Si vous vivez -ou venez- du continent américain, et plus précisément du Mexique, le « frottement de l’utérus » ou « sobadas » ne sera pas un concept étranger pour vous. Et le fait est que la « sobada de matriz » est l’une des pratiques thérapeutiques les plus répandues au Yucatan en matière de santé génésique, de grossesse et d’accouchement. La médecine traditionnelle des peuples indigènes mexicains défend qu’un problème pour lequel les femmes ne peuvent pas tomber enceintes est de souffrir d’une « chute » ou d’un « abaissement » de l’utérus, ce qui, selon eux, signifie que l’utérus est déplacé de sa place. Le but des frottements de l’utérus est de remettre ces organes en place par le biais d’un massage.
Pour comprendre cette procédure, nous devons tenir compte de la façon dont la médecine traditionnelle indigène conçoit l’idée du corps ; dans ces sociétés, l’idée d’ordre a une représentation très importante et cela s’exprime par la nécessité de positionner et d’aligner les parties du corps par rapport à des coordonnées précises.
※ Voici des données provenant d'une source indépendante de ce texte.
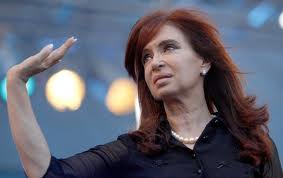 Diario 'El Pa�s' habla de un 'cristi-kirchnerismo' que podr�a ser 'un nuevo chavismo'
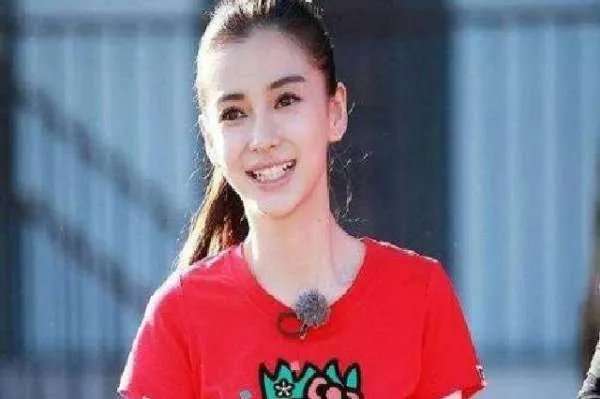 杨颖是变成国内一线女星的？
Fondamentalement, on considère que le corps est un système intégré dans lequel chaque organe a sa propre position qui doit être maintenue, préservant ainsi l’état de santé. Selon ce raisonnement, certains actes de la vie quotidienne – comme un surmenage physique, une chute, le port de charges lourdes ou le travail de l’accouchement lui-même – peuvent faire bouger ces organes internes, car ils sont perçus comme des pièces mobiles. Ces déplacements provoquent une gêne et/ou des problèmes qui ne peuvent être résolus que lorsque les organes retrouvent leur position correcte. Effectuer ce repositionnement ne peut se faire que par le biais des sobadas.
Il existe de nombreuses occasions où sont effectuées les sobadas utérines ; tomber enceinte est assez courant, mais encore plus pendant la grossesse. A partir du troisième ou quatrième mois, il est très fréquent que les femmes se rendent chez les sages-femmes pour effectuer des frictions afin de bien placer le bébé. Nombre de ces pratiques sont simplement de nature préventive, car des sages-femmes expérimentées prétendent être capables de connaître la position du bébé en palpant le ventre de la femme enceinte. De même, le travail de la sage-femme et des sobadas s’étend jusqu’à la puerpéralité.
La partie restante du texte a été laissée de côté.